Glaskowsky takes a critical look at Apple's MacBook Air, announced this week at MacWorld Expo.

Peter Glaskowsky
Peter N. Glaskowsky is a computer architect in Silicon Valley and a technology analyst for the Envisioneering Group. He has designed chip- and board-level products in the defense and computer industries, managed design teams, and served as editor in chief of the industry newsletter "Microprocessor Report." He is a member of the CNET Blog Network and is not an employee of CNET. Disclosure.
Peter Glaskowsky
5 min read

As usual, there were many specific rumors about what Steve Jobs would be announcing at MacWorld Expo this week. Several were reasonably credible, but Apple runs a tight ship; there's really no way to be sure what will come out at any given show.

MacBook Air
The MacBook Air is remarkably thin and stylish, but it isn't for everyone.

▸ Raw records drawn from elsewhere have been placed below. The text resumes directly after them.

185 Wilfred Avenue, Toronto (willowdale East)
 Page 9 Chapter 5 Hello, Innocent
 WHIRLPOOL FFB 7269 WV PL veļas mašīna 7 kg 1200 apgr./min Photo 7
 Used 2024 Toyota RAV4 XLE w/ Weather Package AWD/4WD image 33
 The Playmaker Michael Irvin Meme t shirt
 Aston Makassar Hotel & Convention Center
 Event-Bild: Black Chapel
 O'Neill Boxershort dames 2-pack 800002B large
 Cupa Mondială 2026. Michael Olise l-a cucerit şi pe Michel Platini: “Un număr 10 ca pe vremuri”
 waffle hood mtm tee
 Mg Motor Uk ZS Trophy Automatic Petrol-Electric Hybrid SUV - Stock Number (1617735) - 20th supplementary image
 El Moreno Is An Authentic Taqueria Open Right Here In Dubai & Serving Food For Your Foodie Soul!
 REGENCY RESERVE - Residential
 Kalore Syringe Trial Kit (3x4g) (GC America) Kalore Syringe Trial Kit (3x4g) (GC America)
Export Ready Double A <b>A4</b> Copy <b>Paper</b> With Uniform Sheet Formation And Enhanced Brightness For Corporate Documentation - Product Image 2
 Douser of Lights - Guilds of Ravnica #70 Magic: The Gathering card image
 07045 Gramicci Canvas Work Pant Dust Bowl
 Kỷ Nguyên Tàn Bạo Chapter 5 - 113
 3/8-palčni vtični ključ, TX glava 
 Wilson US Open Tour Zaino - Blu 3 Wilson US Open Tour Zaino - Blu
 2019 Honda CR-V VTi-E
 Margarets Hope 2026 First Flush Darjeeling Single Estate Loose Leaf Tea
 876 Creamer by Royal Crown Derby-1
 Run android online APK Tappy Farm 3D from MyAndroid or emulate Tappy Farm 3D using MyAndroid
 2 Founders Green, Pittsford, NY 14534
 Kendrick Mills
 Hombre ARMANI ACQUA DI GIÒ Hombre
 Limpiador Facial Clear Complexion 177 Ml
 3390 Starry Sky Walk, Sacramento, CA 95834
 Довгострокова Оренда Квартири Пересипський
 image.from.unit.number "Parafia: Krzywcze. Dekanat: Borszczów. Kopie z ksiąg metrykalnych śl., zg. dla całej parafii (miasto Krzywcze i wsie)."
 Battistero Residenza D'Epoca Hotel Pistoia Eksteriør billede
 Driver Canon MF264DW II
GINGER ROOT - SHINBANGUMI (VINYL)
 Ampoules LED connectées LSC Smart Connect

Courtesy of Apple

At the beginning of the year, based on the better rumors and some discounting of existing Mac products, I was pretty sure we'd see four things: new Mac Pro workstations, a refresh of the MacBook Pro line with Blu-ray optical drives and Intel 45nm processors, minor improvements for the iPhone, and a new subnotebook.

New Mac Pro configurations were announced a week before the show-- minor updates, but significant for the professional audience. We got the new subnotebook, the MacBook Air, this week. The iPhone and iPod got only some software tweaks. There was nothing new for the MacBook Pro family.

But that's okay. I'll keep waiting for a better iPhone, and I'm still sure there'll be Blu-ray equipped MacBook Pro models before long.

In the meantime, the MacBook Air is worth a closer look.

The first thing to understand about this machine is that it's aimed at a relatively small market. Apple made a series of design decisions that limit the audience for the Air, but for those potential buyers who aren't turned off by these choices, the Air is the best machine on the market.

If you're not part of the target audience, though, the Air might look like a poor choice. To quote a friend of mine, Mac book author Brian Tiemann, "Is it just me, or is this a ridiculously overpriced, feature-poor, and generally useless pig of an idea?" Honestly, I can see where he's coming from. I think he just doesn't see where the Air is coming from.

Let's list the obvious objections:

  • Non-expandable RAM.
  • Small hard disk.
  • No optical drive.
  • Non-removable battery.
  • Peripheral interfaces limited to one USB port and one monitor output.
  • High price for the included features ($1,799 and up).

Start with 100 million potential buyers and go down the list. Most will get past the first two points, but the lack of an internal optical drive will turn away a lot of people. The fixed battery is a big problem for a lot of people, and still more folks won't accept the limited I/O options. If you care about any of these things, the Air doesn't look like a good value for money. By the time you reach the end of the list, only a few people will still be paying attention.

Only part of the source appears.